You would think I might have learned from experience. Never rush out to do a POTA activation without first checking that all the necessary parts of my portable kit are packed.
The last time I made this mistake it was the power cable that was missing. This time I arrived on site without an antenna!
My local library has Ontario Parks day passes that can be borrowed at no charge. I had just picked mine up and was excited to get out and use it.
It was about a 45-minute drive from home to Craigleith Provincial Park on the south shore of Georgian Bay. Shortly after arriving I unpacked my radio, battery, CW paddle and earbud phones. I grabbed the modified aluminum ski pole that I use to support my portable vertical antenna and drove it into the hard ground with a rock that was lying nearby.
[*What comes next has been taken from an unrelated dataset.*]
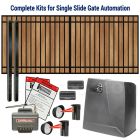 DuraGate Slide Gate & Automation Kit - Modular Flat Top 14x6' Single / Accepts Wood Infill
Then, suddenly, I had one of those “oh no!” moments when I reached for the antenna and realized I had left it at home!
“What the heck am I going to do now?” I thought. My first reaction was to shrug my shoulders and forget about the activation. But then I thought, “what would MacGyver do in this situation?”
My mind was processing all kinds of ideas for saving the day. None seemed practical until I remembered the 33ft counterpoise wire in my pack. “Hey, maybe I could make a dipole”. But I had no means for connecting a dipole to my coax feedline.
I used to know a guy who claimed to be a purveyor of the hardest organ in your body – he was a dentist. I am sure he would not have approved of the way I stripped the insulation off my Macgyver-inspired dipole after I cut that 33ft wire in half.
Next problem: how to connect the two wires to the coax. One wire had a big alligator clip on one end that I clipped to the coax shield. The other wire was wrapped around the centre pin of the PL-259 plug on the coax.
The centre of the dipole was only about 4ft above ground. I threw the ends of the wires into nearby trees but they were only 8 to 10 feet above ground. There was no way I was going to be heard with an antenna like this!
Well I was wrong! I keyed up and saw the SWR was less than 1.5:1 and felt a surge of hope. After self-spotting on the POTA website I started calling CQ. The responses came thick and fast. I logged stations from the US west and several in Texas and Florida.
Then, with mild astonishment I logged a station in Sweden, followed shortly afterwards by another station in Belgium!
So, the moral of the story is never give up and never underestimate a simple makeshift antenna. Use whatever you have and think positive!